Retail adoption, particularly among the 18–35 demographic, remains strong. The Digital Rupee (e₹) — India's central bank digital currency (CBDC) — has also entered limited circulation through partner banks, though retail uptake has been slow compared to private crypto.
Web3 startups, NFT platforms, and blockchain gaming studios have found a surprisingly resilient home in cities like Bengaluru, Mumbai, Hyderabad, and even smaller Tier-2 hubs. The talent pool is real, even if the regulatory clarity is not.
What Indian Users Are Actually Buying
- Bitcoin (BTC) — still the dominant holding, often viewed as a long-term store of value.
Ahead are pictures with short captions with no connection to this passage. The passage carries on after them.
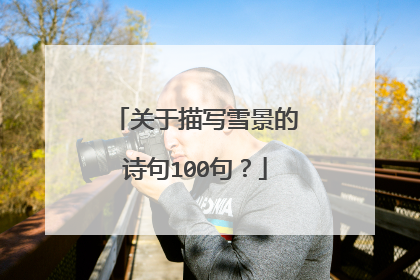 关于描写雪景的诗句100句?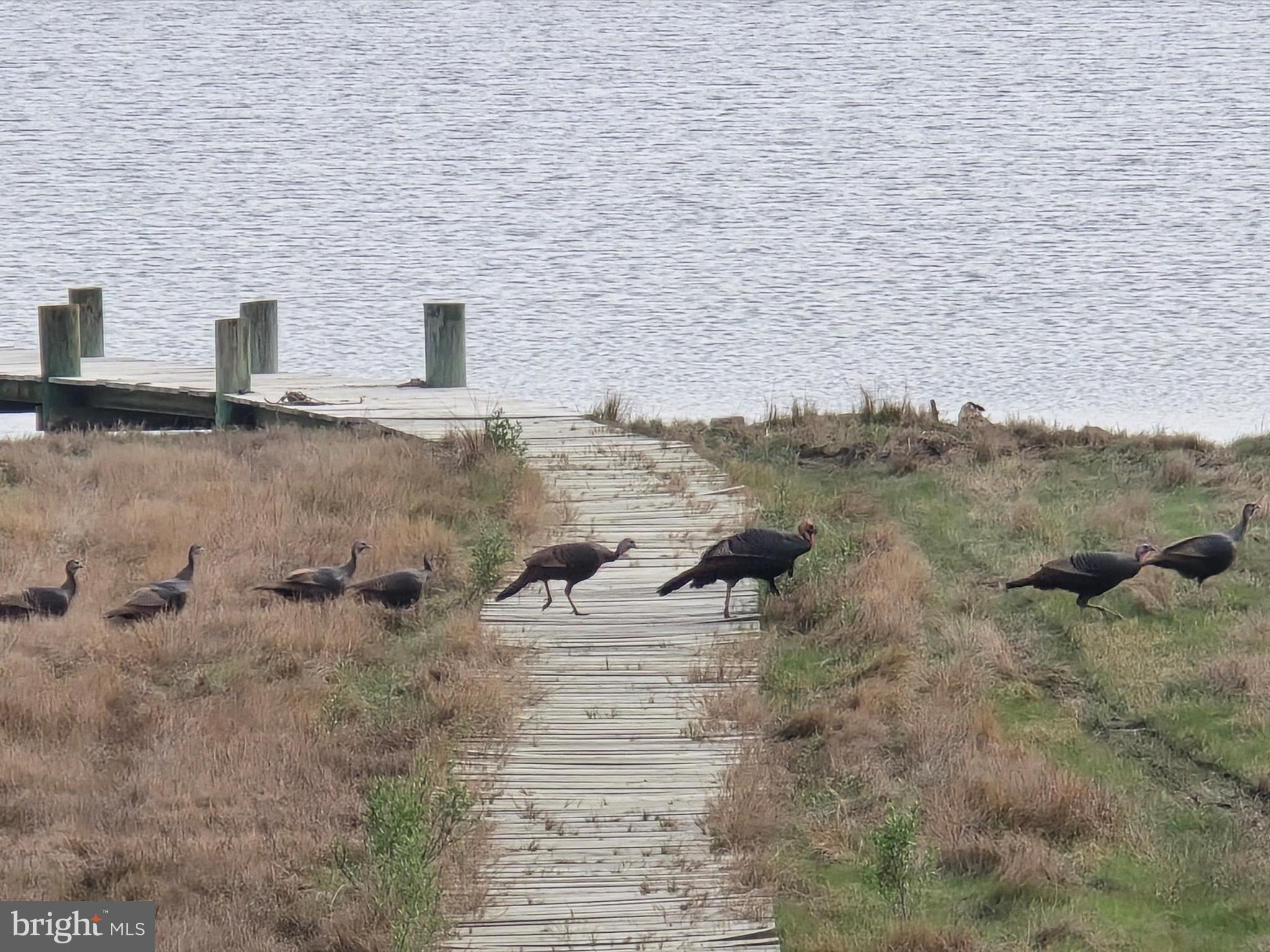 2765 Hoopers Island Road Fishing Creek, MD 21634 - Photo 75 of 111 Seller Provided Photos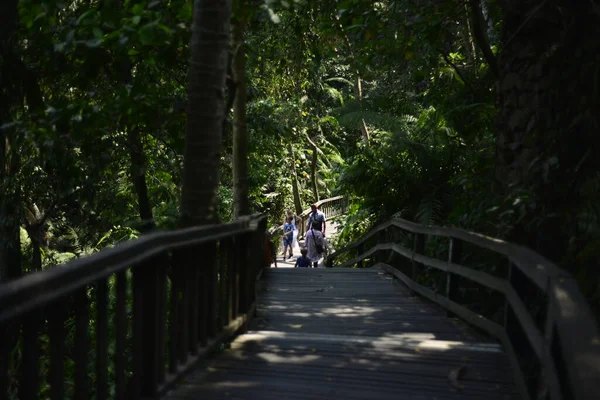 Apenbos Overdag Ubud Indonesië — Stockfoto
- Ethereum (ETH) — popular among developers and DeFi users.
- Stablecoins — heavily used for remittances and trading pairs, despite regulatory ambiguity.
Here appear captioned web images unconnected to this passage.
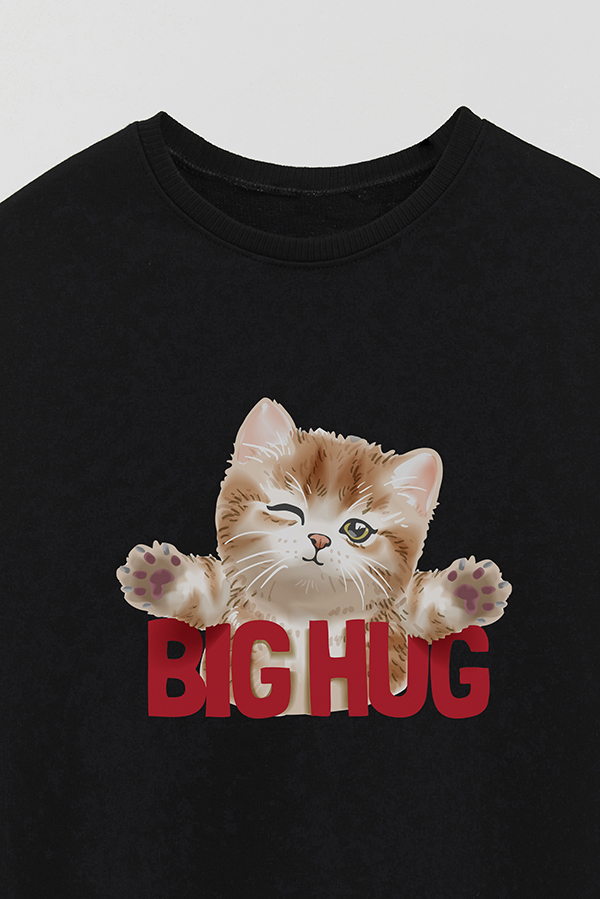 BUZO CREWNECK RUSTICO KITTY DREAMS BIG HUG
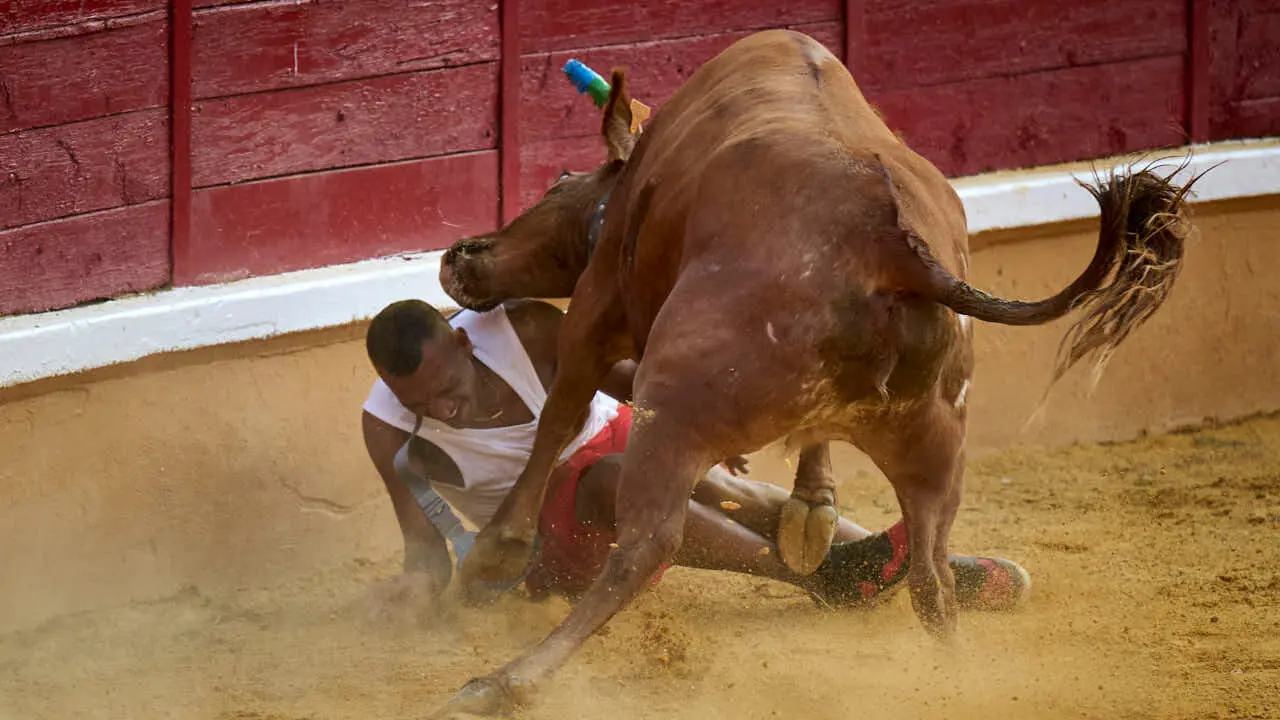 Vacas ma&ntilde;aneras tras el primer encierro de Tudela 2026. PABLO LASAOSA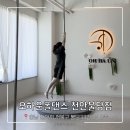 폴댄스 의외로 어렵지않다?! 폴댄스 체험 솔직후기 [오하운폴댄스학원 천안불당점]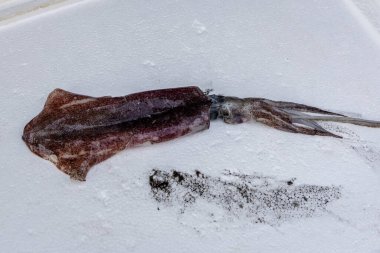 Taze mürekkep balığı, farklı açılardan, perakende satış için kar kutusunda tutulur.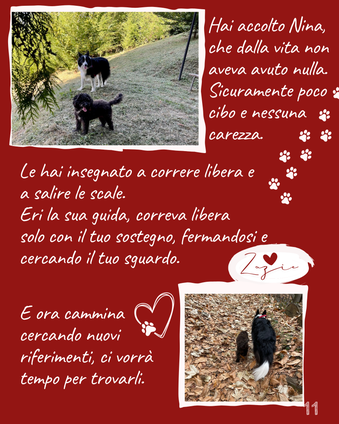 Le hai insegnato a correre libera e a salire le scale. Eri la sua guida, correva libera solo con il tuo sostegno, fermandosi e cercando il tuo sguardo.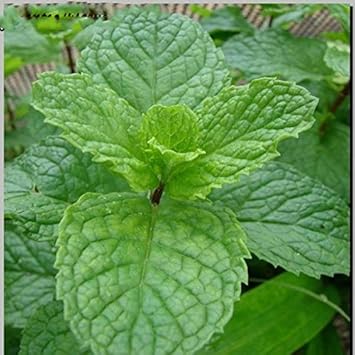 Green Mint Plant Seeds - Fragrant Herb Seeds for Gardens-Heirloom & Non-GMO Seeds for planting Scientific Name Placeholder for planting in home garden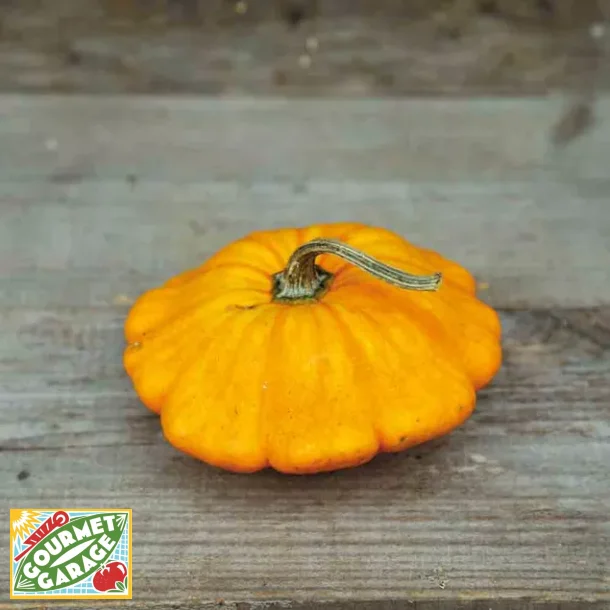 Zucchini PATISSON ORANGE - ekologiska frer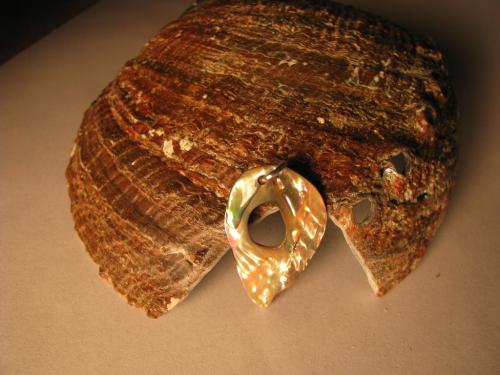 Как очистить ракушку до перламутра. Как полировать ракушки для украшений и рукоделия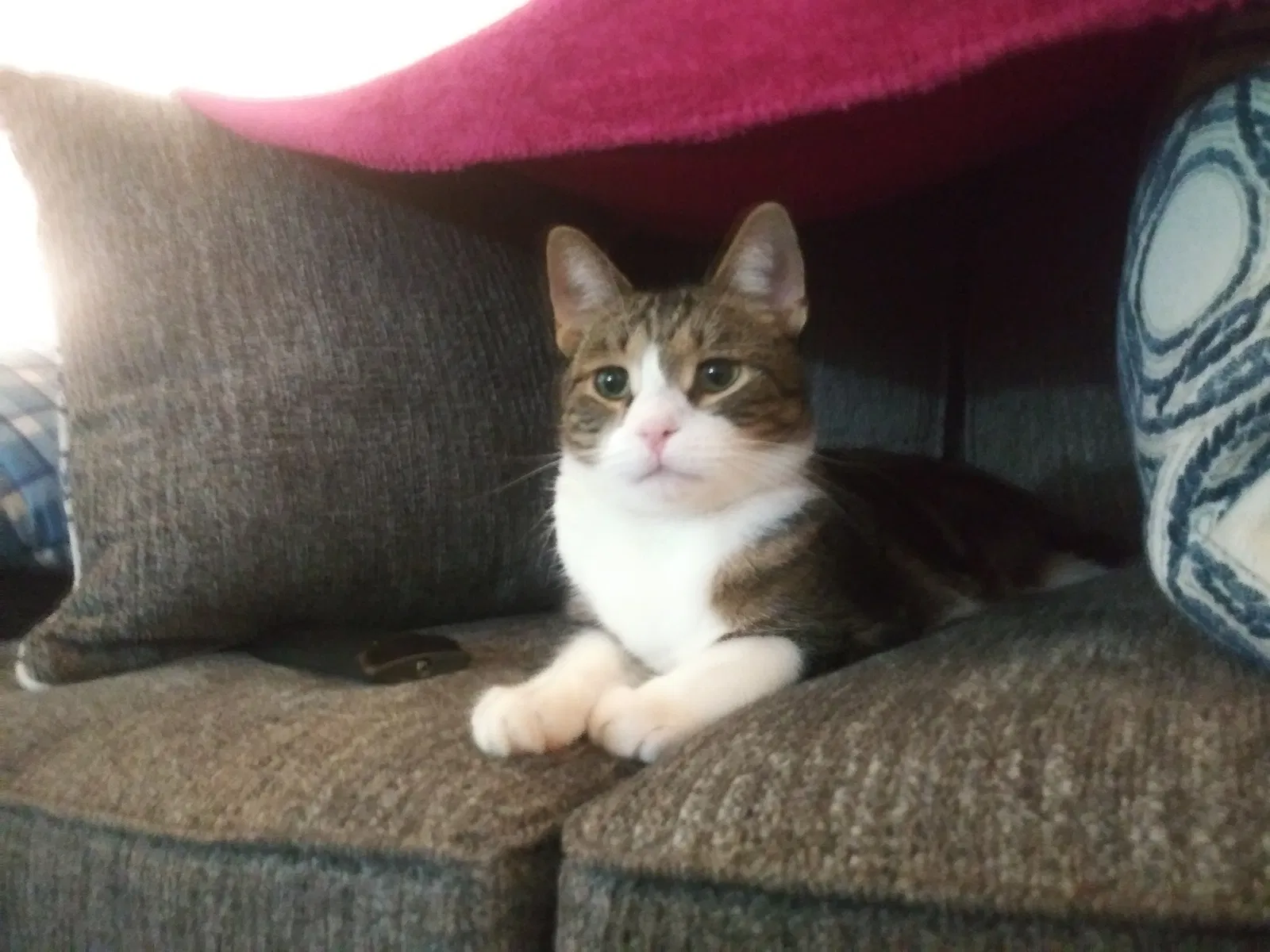 Lost cat in Clio, MI, 48420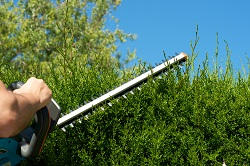 w1 gardeners and landscapers in soho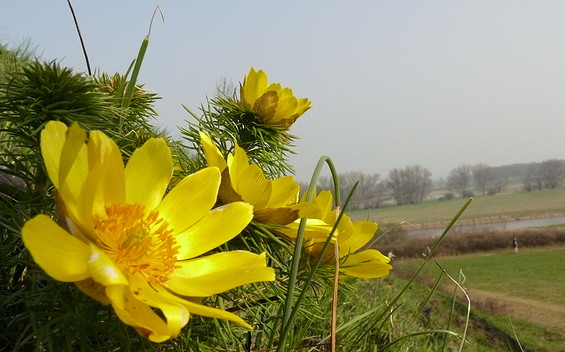 Adonisröschen, Foto: Sandra Ziesig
- Altcoins and memecoins — speculative interest remains high, especially during social media-driven rallies.
What Comes Next: The Road Ahead
The next 12 to 24 months will be decisive for cryptocurrency in India. Several forces are converging at once: pending global frameworks like the EU's MiCA, India's G20 legacy around crypto asset reporting, and growing pressure from industry bodies to bring TDS rates down or reintroduce loss offsetting.
Most analysts expect either a dedicated crypto bill or significant amendments to existing tax rules within this window. Whether that brings genuine clarity or stricter controls remains the billion-rupee question. Some optimists point to SEBI eventually overseeing crypto as a securities-like asset; pessimists fear a repeat of the 2018 ban under a different political banner.
For now, the smart play for Indian investors is simple: stay compliant, document everything, and assume the rules can change overnight. The crypto market in India isn't dead — it's just learning to operate under surveillance.
Key Takeaways
- Crypto is legal in India but is not recognized as legal tender; it is treated as a Virtual Digital Asset (VDA).
- A flat 30% tax with no loss offsetting and a 1% TDS rule applies to all crypto transactions.
- Indian exchanges continue to grow, with millions of registered users despite the tax burden.
- A formal crypto bill has been discussed for years but remains pending in Parliament.
- Retail interest remains strong, especially in Bitcoin, Ethereum, and stablecoins, while the Digital Rupee slowly expands.